In passing upon subdivision plans, the commission is to be controlled by the regulations which it has adopted. J M Realty Co. v. Norwalk, 156 Conn. 185, 191, 239 A.2d 534; Beach v. Planning Zoning Commission, 141 Conn. 79, 83, 103 A.2d 814. It is provided by article 12, 1(F) of the subdivision regulations of the city of New Britain that cul-de-sac streets shall be permitted only when they do not exceed 500 feet in length. The plan, as approved by the defendant commission, includes a cul-de-sac street which is to be approximately 1400 feet in length. "The planning commission . . . has no discretion or choice but to approve a subdivision if it conforms to the regulations adopted for its guidance.

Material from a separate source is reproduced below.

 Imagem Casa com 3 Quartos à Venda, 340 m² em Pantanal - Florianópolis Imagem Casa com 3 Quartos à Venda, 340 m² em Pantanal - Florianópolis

Langbein v. Planning Board, 145 Conn. 674, 679, 146 A.2d 412. If it does not conform as required, the plan may be disapproved." Forest Construction Co. v. Planning Zoning Commission, 155 Conn. 669, 674, 236 A.2d 917. "`No administrative or regulatory body can modify, abridge or otherwise change the statutory provisions under which it acquires authority unless the statute specifically grants it that power.' State ex rel. Huntington v. McNulty, 151 Conn. 447, 449, 199 A.2d 5." Finn v. Planning Zoning Commission, supra, p. 10; Southern New England Telephone Co. v. Public Utilities Commission, 144 Conn. 516, 523, 134 A.2d 351. The commission was not empowered by the special act to adopt article 15 of the regulations, and this regulation is unauthorized and invalid. The commission was therefore without authority to approve a plan which conflicted with the existing subdivision regulations.